The Financial Services Authority is coming under mounting pressure from City investors to clarify the rules which apply to foreign companies listing their shares in London, says the Guardian .
The fund managers are thought to be concerned that a two-tier system of corporate governance is developing, as firms domiciled in Britain comply with one set of rules and those outside with another less stringent one.
Fund managers are concerned that if one of the foreign companies listing their shares on the London market were to fail it would damage the reputation of the City.
They are raising their concerns with the regulator after a large number of foreign companies listed in London last year.
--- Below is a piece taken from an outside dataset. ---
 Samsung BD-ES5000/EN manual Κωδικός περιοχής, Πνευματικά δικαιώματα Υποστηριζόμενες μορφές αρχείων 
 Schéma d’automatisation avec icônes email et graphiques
Of the £28bn of new shares listed on the London Stock Exchange £10bn came from foreign issuers, says the paper.
UK-domiciled companies are expected to comply with a combined code on corporate governance, which is highly regarded around the world, whereas companies from abroad can list in London and choose not to comply with the code, instead using their local rules to govern relations with shareholders.
AS MANY as 5,000 bank customers a day are currently registering a complaint with the financial ombudsman over high penalty charges, reports the Scotsman.
The number of people phoning the ombudsman's helpline about the issue has soared in recent days as a consumer revolt against fees continues to gather pace.
The Financial Ombudsman Service (FOS) said this week alone they expect to receive 5,000 complaints every day over "unlawful" charges by banks and building societies.
Reports of charges in excess of £30 being slapped on people who have gone over their agreed level of borrowing by just a few pennies have led to allegations banks are forcing unlawful fees on customers in a bid to boost profits.
Around 50,000 letters are currently being printed off every day from the consumer campaign site www.moneysavingexpert.com.
LLOYDS TSB’S bad debt charges jumped 20% last year but the banking giant expects “significantly lower” growth in the charges this year, says the Daily Telegraph.
The forecast came as Lloyds unveiled annual profits of over £4bn.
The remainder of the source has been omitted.